A perfect storm for students

Dr Gabrielle Jamela Hosein
Dr Gabrielle Jamela Hosein

DR GABRIELLE JAMELA HOSEIN

IN RECENTLY announced changes to the GATE programme, undergraduate degrees will remain subsidised to an extent determined by a means test. Post-graduate degrees have been substantially defunded for future students.

Regarding reduction of tertiary education subsidies, and the increased availability of loans, the effects are well-documented in the US, which made this switch in the 1980s and has since witnessed skyrocketing student debt and family indebtedness; resilient labour market inequality by class, race and gender; and exacerbated economic slowdown.

In her prescient book, Family Values: Between Neoliberalism and the New Social Conservatism, Melinda Cooper describes student debt as a “lucrative interest-bearing asset in global securities markets.” It works for both governments and banks. The first can still assert that tertiary education is accessible to all despite shifting from free access to university, whether rich and poor. The second can profit from state policy to replace or supplement public funding with private deficit spending.

As Cooper puts it, “Instead of the government going into deficit to spend on public services…the individual consumer would go into debt to purchase these same services.” Fiscal austerity and credit abundance are being presented hand in hand, and as the national economy continues to contract, this is a policy direction that we can anticipate.

It will be interesting to see if tertiary education loans increase. One could argue that families are responsible for their children’s education, but one could just as well argue that decades of corruption and mismanagement have wasted billions of dollars that should have been available for investment in education as a public good and economic stimulus strategy (though, for us in the Caribbean, this is undermined by emigration and “brain drain”).

Some families will be able to afford their children’s tertiary education, and even post-graduate degrees. Low- to middle-income students will likely hit a qualification barrier if they cannot afford (rising) tuition and other costs. In reality, most students cannot qualify for a loan on their own so that student debt becomes a familial and intergenerational obligation.

Additionally, Cooper notes, “a student with no assets or savings is more likely to have to defer, refinance, or default on a loan, accumulating a much longer temporal burden of interest payments than the student who can pay on schedule.” Alternatively, for TT, where for decades women have graduated from university in higher numbers and yet on average earn lower incomes, loan repayments could be a higher portion of monthly wages, acting as a form of regressive taxation.

Cooper describes this as a way that “private credit markets…perform democratic inclusion without disturbing the economic structures of private family wealth.” Simply put, in repaying loans, with interest, poor families will spend more on education than wealthier ones who have less need for additional funds and greater capacity to repay.

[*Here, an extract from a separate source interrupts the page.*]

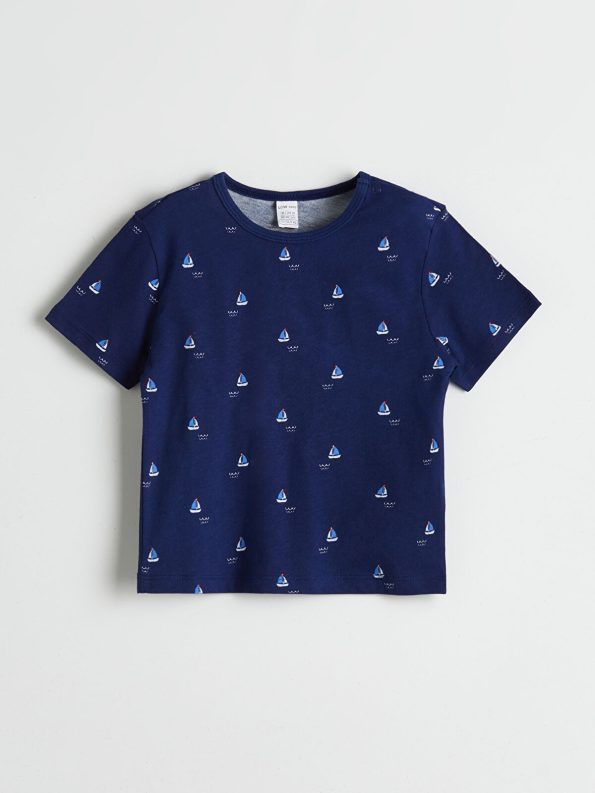 LCW Baby Navy Printed Boys T-Shirt and Shorts Set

The government analysis that led to the recent GATE reforms isn’t clear. Is the expectation that students will turn to vocational training, the labour market, or other options? This makes me wonder whether the Government forecasted the effects of the recent GATE reform, and has a macro plan in relation to those effects.

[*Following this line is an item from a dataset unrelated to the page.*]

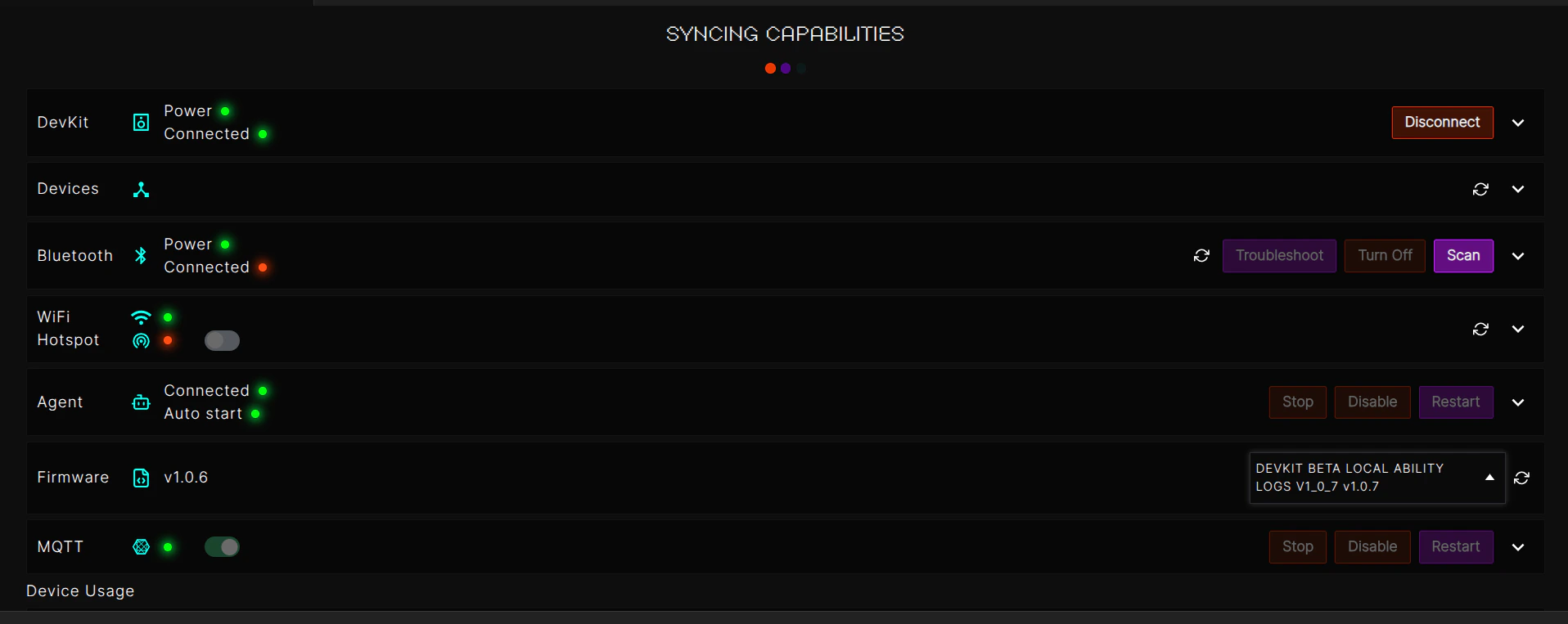 Sync capabilities on save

That macro plan should differentiate the student population affected by class, age and gender. For example, at UWI, 63 per cent of students are women, 37 per cent are men. This means that GATE has been an irreplaceable source of public investment in women, who are the main sex seeking both undergraduate and post-graduate qualifications (except in engineering), principally to improve their chances in the economy.

The majority of UWI students are also 18-24, and young women in this age group have the highest rates of unemployment, possibly because they are deferring employment for education in order to improve their chances beyond low-waged retail, service and clerical jobs where women remain clustered. Since 2015, enrolment has been dropping in all faculties except for law and science and technology, suggesting the economic downturn has already been making an impact. So, it’s a perfect storm out there for students – increased unemployment and decreased access to higher education. What choices do we expect them to make?

This is an example of how austerity measures have feminised impacts, and so too may be education-related increases in private-debt. At the same time, public-debt financed vanity projects, such as the port in Toco, and other construction stimulus plans, will disproportionately benefit men as they comprise 80 per cent of that sector. I’ve been calling for gender responsive budgeting, which makes visible such inequitable costs and benefits of gender-blind fiscal policy, for precisely this reason.